Since we moved in, I've been trying to kill the blackberry vine that grows between the sidewalk and street, reaching out thorny tendrils to catch unwary commuters. Every few months, I chop it back to the soil and rip out any roots I can find. It always grows back.

The blackberry is incredibly invasive and almost unkillable once it's established. This may have something to do with a friend's confusion about the front yard. "Wait. You planted blackberries? On purpose?"

Ladybug, diligently patrolling the blackberries for aphids.

Here's the redeeming thing about blackberry plants: they make blackberries. And I like blackberries a lot. The ones in the stores these days seem to have been grown for sturdiness rather than flavor, which doesn't stop them from being absurdly expensive. And although I know a lot of "urban foragers" are happy to harvest the thickets under the BART tracks, I worry about what the maintenance guys are spraying them with.    

So last spring, with the help of some friends, I planted five blackberry plants and six raspberries in our front yard (I also like raspberries a great deal). Not having any idea which varieties would do best in my yard, I just got one of every bare-root variety that Berkeley Hort had in stock. The nursery guy said he liked the way I roll.

One of the new raspberries.  
We didn't expect berries the first year, but got a dozen or so. They were damned good, though I forgot to pay attention to which plants produced the tastiest fruit. I also neglected to water them much, figuring that this would encourage them to develop deep roots and build character. All that good stuff. Only two raspberries survived, but four blackberries did, which just goes to show you.

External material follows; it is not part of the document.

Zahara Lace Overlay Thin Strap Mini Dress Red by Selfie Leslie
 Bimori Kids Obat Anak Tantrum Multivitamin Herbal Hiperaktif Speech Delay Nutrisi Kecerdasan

The survivors spent the winter sending out runners. In theory, these should bear fruit this summer. Unless they're trellised and diligently monitored, they will also root and spread until the plants take over the entire property. So after picking up and planting a few new varieties (including the "Loch Ness" blackberry – I'm a sucker for amusingly named produce), I put up trellises, tied the runners up, and gave everything a good watering.

Trellises made from salvaged hardware, branches from the eucalyptus tree we had to take down, and my favorite brown twine. If I do this again, I need to learn to tie the right kind of knots.